About this task
Only an exact copy of the records, from the line with "Volvo XC70 2,4" through the last line, is wanted.

[Brief descriptive captions]
* * * * * * * * *

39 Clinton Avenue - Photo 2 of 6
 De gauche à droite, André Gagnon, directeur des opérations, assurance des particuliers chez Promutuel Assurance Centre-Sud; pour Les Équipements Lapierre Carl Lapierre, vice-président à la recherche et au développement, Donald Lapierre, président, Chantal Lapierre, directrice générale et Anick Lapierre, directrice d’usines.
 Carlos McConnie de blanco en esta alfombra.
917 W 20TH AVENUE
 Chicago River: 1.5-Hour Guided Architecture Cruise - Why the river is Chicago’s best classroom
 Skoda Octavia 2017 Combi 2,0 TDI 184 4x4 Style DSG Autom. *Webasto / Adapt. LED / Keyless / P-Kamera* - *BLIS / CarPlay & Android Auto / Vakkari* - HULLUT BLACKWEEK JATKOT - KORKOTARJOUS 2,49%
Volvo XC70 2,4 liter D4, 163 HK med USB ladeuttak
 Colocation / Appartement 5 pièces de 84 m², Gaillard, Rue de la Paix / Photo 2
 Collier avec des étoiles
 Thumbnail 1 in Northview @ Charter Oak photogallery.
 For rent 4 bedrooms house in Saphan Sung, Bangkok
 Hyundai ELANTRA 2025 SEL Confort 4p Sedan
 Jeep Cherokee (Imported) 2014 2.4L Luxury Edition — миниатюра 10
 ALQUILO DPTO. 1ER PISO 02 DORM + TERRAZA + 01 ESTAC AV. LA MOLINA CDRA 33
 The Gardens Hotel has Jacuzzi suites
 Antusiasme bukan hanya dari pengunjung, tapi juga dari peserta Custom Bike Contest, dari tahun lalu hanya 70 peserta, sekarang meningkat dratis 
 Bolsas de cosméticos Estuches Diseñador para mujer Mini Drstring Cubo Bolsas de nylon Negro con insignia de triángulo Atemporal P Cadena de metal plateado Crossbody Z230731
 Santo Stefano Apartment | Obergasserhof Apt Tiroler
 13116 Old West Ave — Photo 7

* * * * * * * * *

Answer to this exercise
Volvo XC70 2,4 liter D4, 163 HK med USB ladeuttak
 Colocation / Appartement 5 pièces de 84 m², Gaillard, Rue de la Paix / Photo 2
 Collier avec des étoiles
 Thumbnail 1 in Northview @ Charter Oak photogallery.
 For rent 4 bedrooms house in Saphan Sung, Bangkok
 Hyundai ELANTRA 2025 SEL Confort 4p Sedan
 Jeep Cherokee (Imported) 2014 2.4L Luxury Edition — миниатюра 10
 ALQUILO DPTO. 1ER PISO 02 DORM + TERRAZA + 01 ESTAC AV. LA MOLINA CDRA 33
 The Gardens Hotel has Jacuzzi suites
 Antusiasme bukan hanya dari pengunjung, tapi juga dari peserta Custom Bike Contest, dari tahun lalu hanya 70 peserta, sekarang meningkat dratis 
 Bolsas de cosméticos Estuches Diseñador para mujer Mini Drstring Cubo Bolsas de nylon Negro con insignia de triángulo Atemporal P Cadena de metal plateado Crossbody Z230731
 Santo Stefano Apartment | Obergasserhof Apt Tiroler
 13116 Old West Ave — Photo 7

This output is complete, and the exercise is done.